If starship travel from our Earth to some far star and back again at velocities approaching the speed of light made you younger than me due to the relativistic effects of time dilation, I’d show up on your doorstep hoping you’d developed a thing for older men, and I’d ask you to show me everything you learned to pass the time out there in the endless void of night.


If we were the sole survivors of a zombie apocalypse and you were bitten and transformed into a walking corpse I wouldn’t even pick up my assault shotgun, I’d just let you take a bite out of me, because I’d rather be undead forever with you than alive alone without you.


If I had a time machine, I’d go back to the days of your youth to see how you became the someone I love so much today, and then I’d return to the moment we first met just so I could see my own face when I saw your face for the first time, and okay, I’d probably travel to the time when we were a young couple and try to get a three-way going. I never understood why more time travelers don’t do that sort of thing.


If the alien invaders come and hover in stern judgment over our cities, trying to decide whether to invite us to the Galactic Federation of Confederated Galaxies or if instead a little genocide is called for, I think our love could be a powerful argument for the continued preservation of humanity in general, or at least, of you and me in particular.


If we were captives together in an alien zoo, I’d try to make the best of it, cultivate a streak of xeno-exhibitionism, waggle my eyebrows, and make jokes about breeding in captivity.


If I became lost in the multiverse, exploring infinite parallel dimensions, my only criterion for settling down somewhere would be whether or not I could find you: and once I did, I’d stay there even if it was a world ruled by giant spider- priests, or one where killer robots won the Civil War, or even a world where sandwiches were never invented, because you’d make it the best of all possible worlds anyway, and plus we could get rich off inventing sandwiches.


If the Singularity comes and we upload our minds into a vast computer simulation of near-infinite complexity and perfect resolution, and become capable of experiencing any fantasy, exploring worlds bound only by our enhanced imaginations, I’d still spend at least 10^21 processing cycles a month just sitting on a virtual couch with you, watching virtual TV, eating virtual fajitas, holding virtual hands, and wishing for the real thing.

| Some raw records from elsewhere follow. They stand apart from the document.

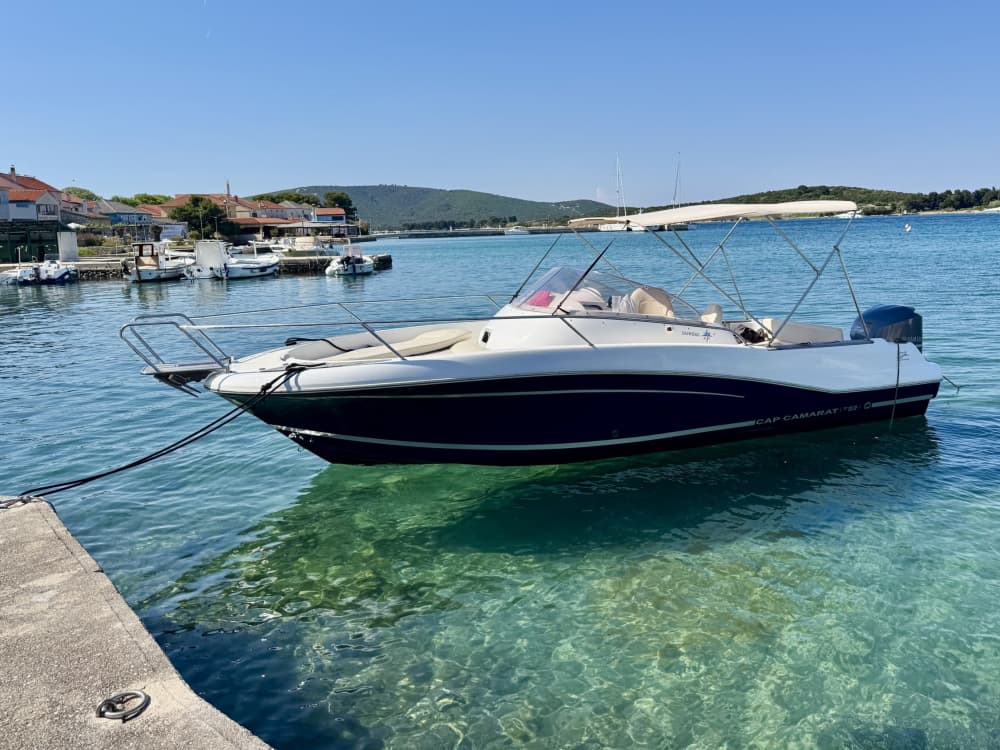 Esplora le baie nascoste di Mali Lošinj a bordo di una barca a motore.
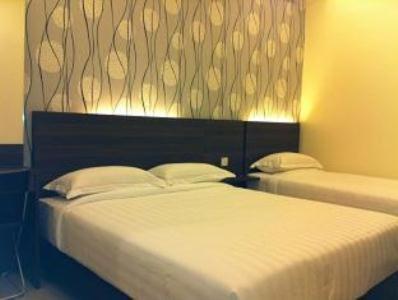 The Regency Garden Hotel 22/50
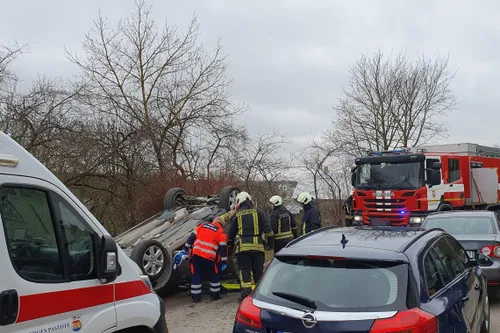 Ugniagesiai, gelbėtojai, greitoji, avarija, apvirtęs automobilis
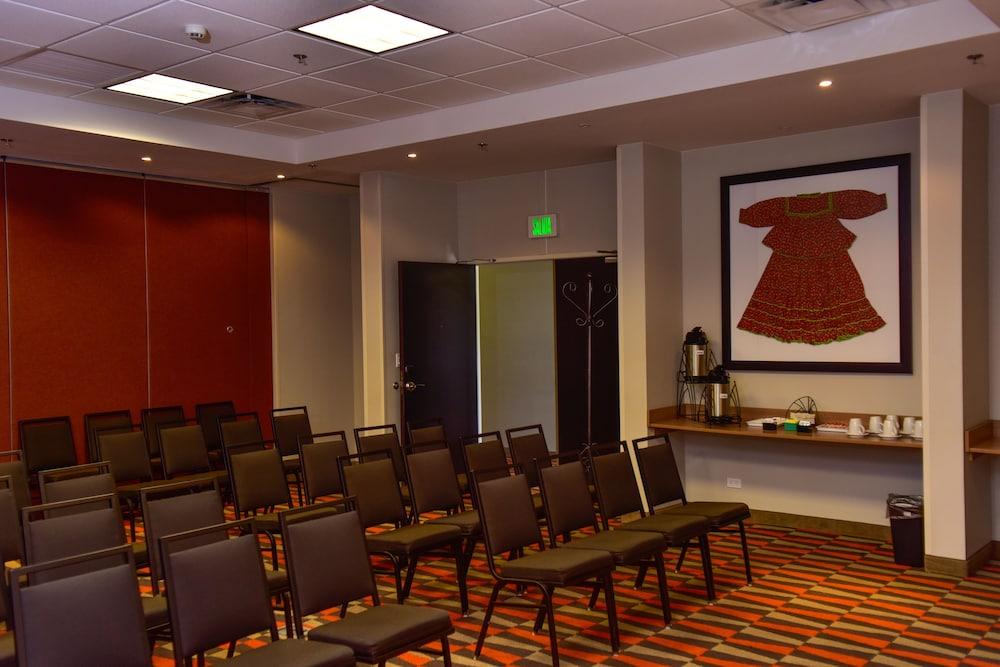 Microtel Inn & Suites By Wyndham Cuauhtemoc Campos Menonitas Luaran gambar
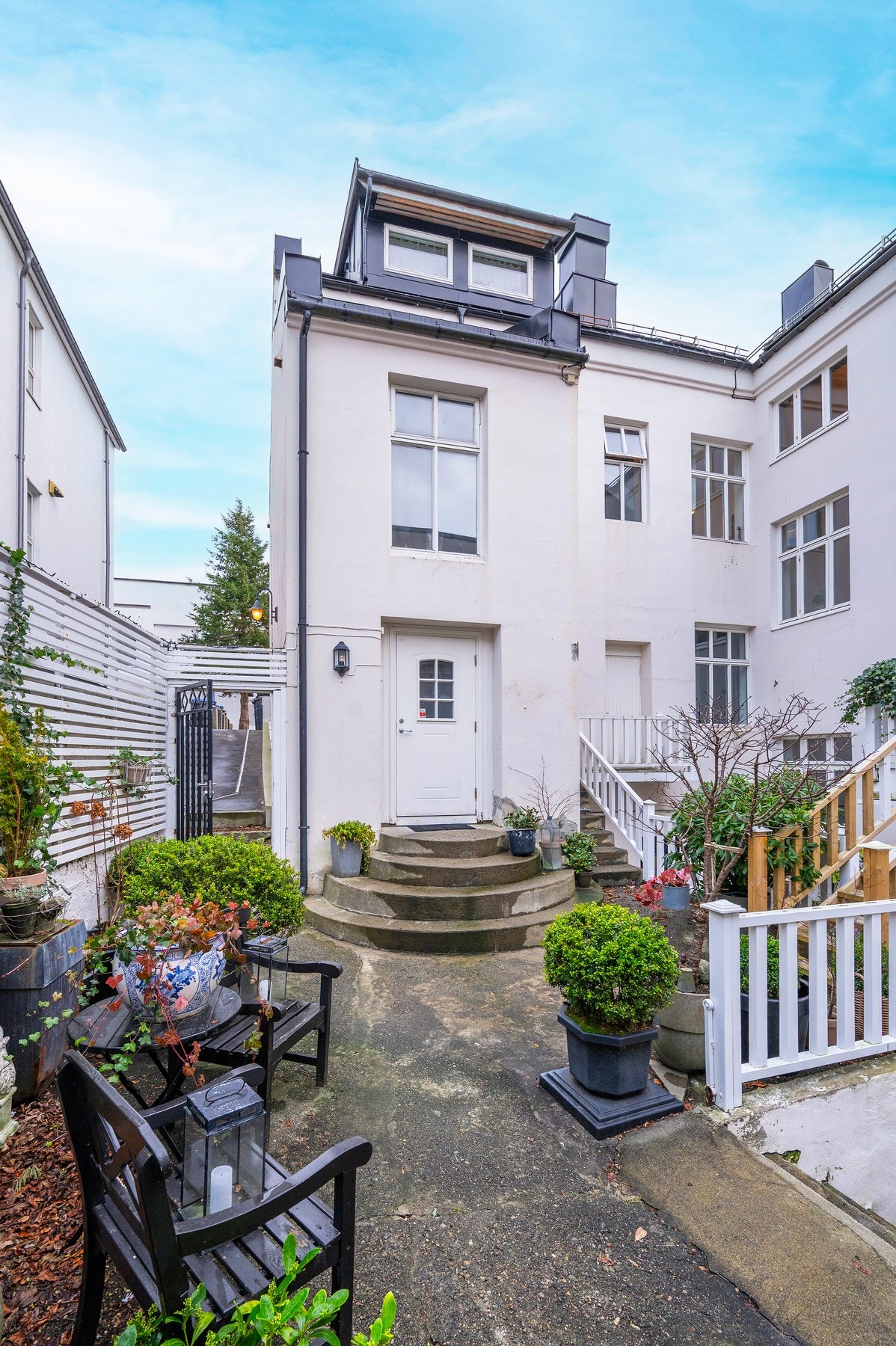 Svært trivelig bakgård. Det disponeres en bod i enkelt bodbygg. Galleribilde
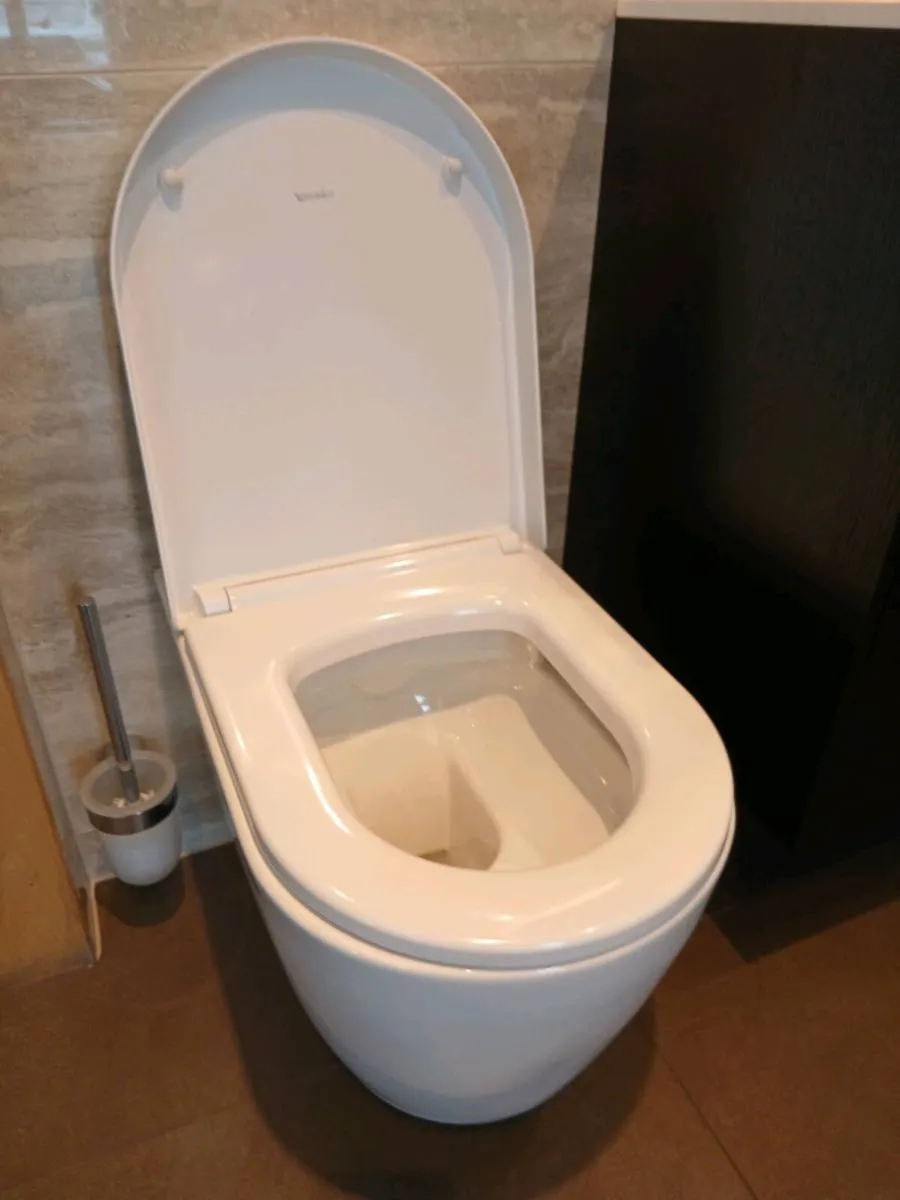 Wall hung toilet - Image 3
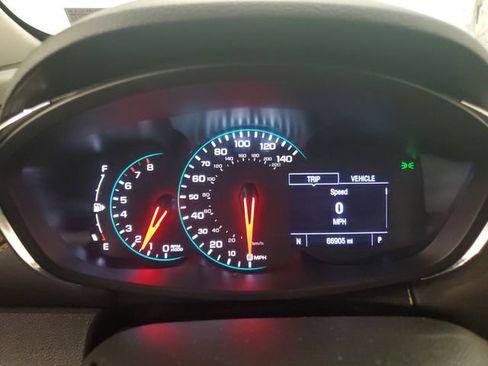 Used 2020 Chevrolet Trax LT w/ LT Convenience Package AWD/4WD image 17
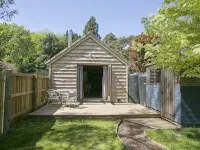Idyllic Log Cabin with Log-fired Hot Tub nestled in a Forest Clearing Hotels in Wareham
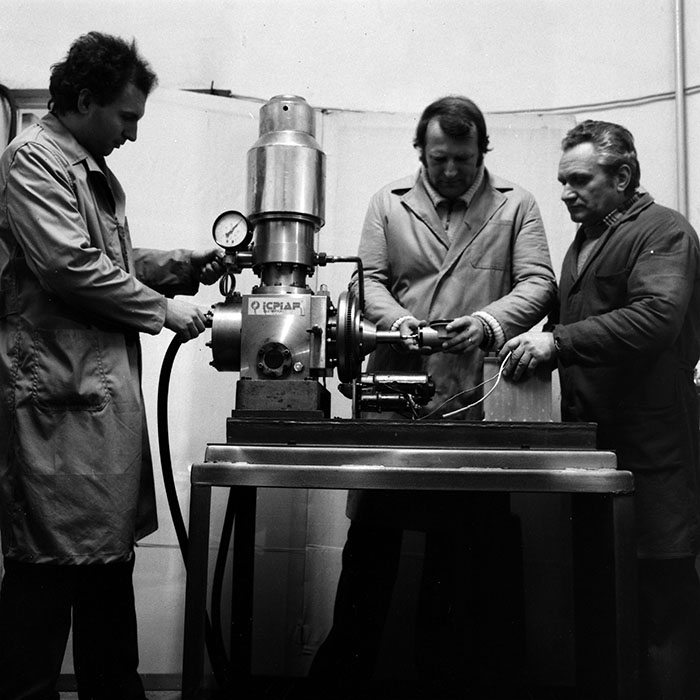 minerva_1987-1988_Industrie_c2_c2r1_006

#17 The Day the Saucers Came by Neil Gaiman

“That day, the saucers landed. Hundreds of them, golden, Silent, coming down from the sky like great snowflakes, And the people of Earth stood and stared as they descended, Waiting, dry-mouthed, to find what waited inside for us And none of us knowing if we would be here tomorrow But you didn’t notice it because That day, the day the saucers came, by some coincidence, Was the day that the graves gave up their dead And the zombies pushed up through soft earth or erupted, shambling and dull-eyed, unstoppable, Came towards us, the living, and we screamed and ran, But you did not notice this because

On the saucer day, which was the zombie day, it was Ragnarok also, and the television screens showed us A ship built of dead-men’s nails, a serpent, a wolf, All bigger than the mind could hold, and the cameraman could Not get far enough away, and then the Gods came out But you did not see them coming because

On the saucer-zombie-battling-gods day the floodgates broke And each of us was engulfed by genies and sprites Offering us wishes and wonders and eternities And charm and cleverness and true brave hearts and pots of gold While giants feefofummed across the land, and killer bees, But you had no idea of any of this because

That day, the saucer day, the zombie day, The Ragnarok and fairies day, the day the great winds came And snows, and the cities turned to crystal, the day All plants died, plastics dissolved, the day the Computers turned, the screens telling us we would obey, the day Angels, drunk and muddled, stumbled from the bars, And all the bells of London were sounded, the day Animals spoke to us in Assyrian, the Yeti day, The fluttering capes and arrival of the Time Machine day, You didn’t notice any of this because you were sitting in your room, not doing anything not even reading, not really, just looking at your telephone, wondering if I was going to call.”



#18 Ultimate Geek Mashup

“We are all a little weird and life’s a little weird,

and when we find someone whose weirdness is compatible with ours,

we join up with them and fall in mutual weirdness and call it love.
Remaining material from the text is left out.